The latest data bulletin from the FCA suggests that later life lending is set to grow, writes Bob Champion, as savers with small to medium sized pots struggle to avoid the poverty line

The Financial Conduct Authority’s (FCA) latest data bulletin looks at analysis on how people are using their pension pots following the pension freedom reforms. There are four things that are attracting the attention of commentators:

  • The numbers going into income drawdown without seeking advice
  • The numbers that are withdrawing more than 8% of their drawdown fund
  • The numbers that are cashing in their pensions
  • The numbers that are not taking advantage of annuity guarantees within their pensions

Firstly, we must raise an issue with the numbers because it’s important to point out that the data set here is incomplete. The FCA numbers come from the providers they regulate; Occupational Pension Schemes that are regulated by the Pensions Regulator do not give returns to the FCA. If a member of one of those schemes cashes in their pension or takes a partial lump sum those numbers would not be included in the FCA data. However, if funds were transferred to a FCA-regulated firm to access drawdown or buy an annuity then those numbers would be included.

Another problem is that we do not know the impact of other pension savings on the behaviours being exhibited.

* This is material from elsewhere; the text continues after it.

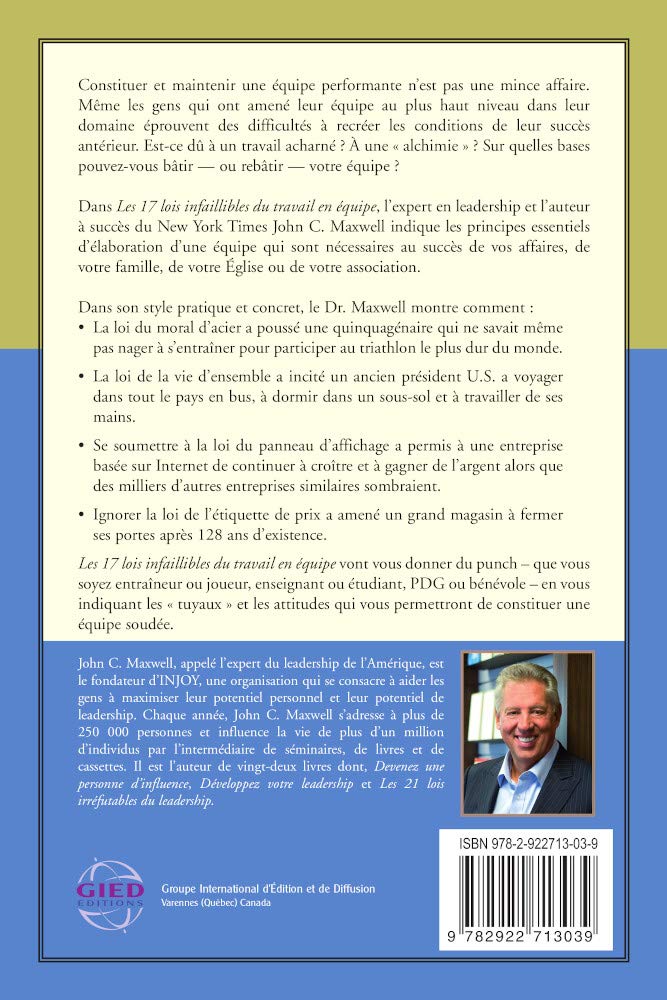 Livre Les 17 lois infaillibles du travail en équipe : Adoptez-les et dynamiser votre équipe - Joh...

Many people have more than one pension; they may also have a defined benefit pension.

However, subject to the above caveats, the data shows 12% of people used their defined contributed (DC) pension pot to buy an annuity. This is consistent with previous FCA data releases. The percentage is almost 20% for those between £30,000 and £100,000; only 6% of those pots below £10,000, and 8% of those above £250,000, were converted to an annuity.

There is also an element of consistency with those not taking advantage of their rights to a Guaranteed Annuity Rate (GAR). Typically these often provide an annuity rate of 10% or more for those aged 65; this is around twice the best rates currently available.

Overall, the number not taking advantage of this offer was 57% – an alarming rate. However, in the range £30,000 to £100,000 it drops to around 36%. For those below £10,000 the percentage rose to 84%. Did the majority of those cashing in believe an income of up to £1,000 was not worth that much to them? Additionally, the right to a GAR was ignored on nearly 50% of policies above £100,000. Is it because they believe that an invested solution will produce better returns than available on the GAR or do they have other reasons?

‘Two parallel universes’

There appears to be two parallel universes here. The headline number is that 51% cashed in their pensions but deeper analysis shows 87% of these were for pots below £30,000. Nearly 60% of the total pots cashed in were under £10,000.

A third of pots accessed, or two-thirds of those who did not cash in, used income drawdown. A third of those going into income drawdown did not seek advice, and of those 42% had pots worth between £10,000 and £30,000. However 78% with pots above £100,000 did.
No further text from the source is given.